On Kukur Tihar, a tribute to Kali who has waited eight years outside the hospital cabin where her owner died
by Anita Bhetwal
The April 2015 earthquake had just hit Kathmandu, and a patient was admitted to Alka Hospital. His small black pet puppy had followed the man to his cabin C18.
The patient died during treatment, and his body was taken away without the pooch knowing. But for the past eight years, the dog has waited for her owner outside the room.
She is grown up now, her silky black coat is dirty and scraggly. But every night since 2015 she has kept vigil outside room C18 at Alka Hospital. In the daytime, she takes the stairs down to the hospital courtyard.
“She just sits there waiting for him to show up,” says Alka Hospital
administrator Bhagwan KC. “She has never gone anywhere else but this hospital, and at night she is always on the mat outside C18.”
The hospital tried to take the dog back to the patient’s family. She
refused to go, and when his family came she got very agitated and used to hide and bark. The administration then tried to chase the dog away, but she always came back.
“After a while, we just gave up, and have adopted her,” says Goma Thapa, who is a janitor at Alka. The dog has been given the name Kali because of her colour, and she has become a permanent fixture at the hospital.
Last week when we visited Alka just before midnight, there was Kali sleeping outside C18. Even after eight years, she remembers her best friend and is still waiting for him. Hospital staff feed her, and she does not bother anyone.
“She stays here all the time, she eats here, sleeps here, she never leaves, she is like a member of the staff,” Thapa says. “She is an amazing dog.
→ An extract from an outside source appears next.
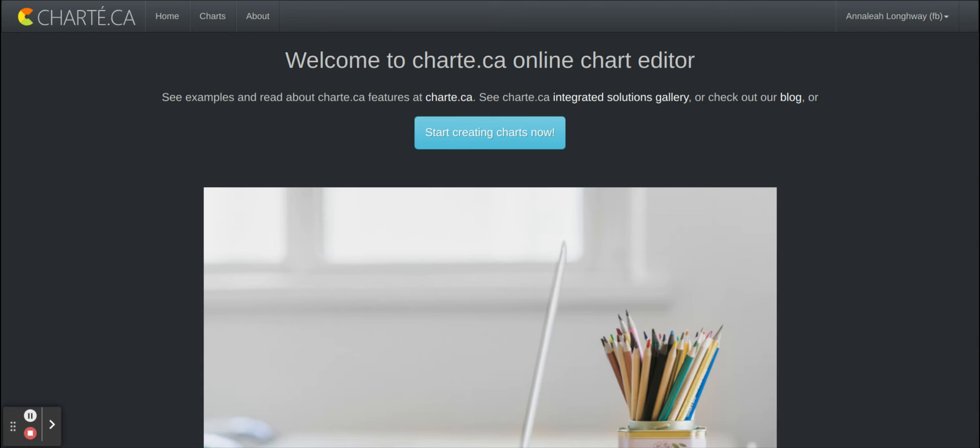So this is a web application called Chart. It's an online chart editor and it has many different options that you can use and create so many different kinds of charts.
The owner must have loved her a lot.”
When she sees someone unfamiliar she still wags her tail, sniffs the person curiously, but then dejectedly goes back to sleep when she finds out it is not her owner.
Kali reminds veterinary specialist Bishal Chaudhary of Hachiko, the Japanese Akita which waited outside Shibuya train station in Tokyo for his owner for nine years in the 1920s.
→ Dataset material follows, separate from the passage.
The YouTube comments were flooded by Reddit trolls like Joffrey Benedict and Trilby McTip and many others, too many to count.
“The human mind is episodic, but a dog’s brains is associative, it links its sense of smell with memory of space and time,” explains Chaudhary, who thinks the owner must have taken the puppy to hospital with him several times for checkups before he had died, and she associated the place with him.
Hospital administrator KC says Kali is now a part of the Alka family, and there is no question of sending the dog anywhere. Kali is now getting older, she is slower, but she has never given up waiting for her owner. Says KC: “She will live the rest of her life here, right outside cabin C18.”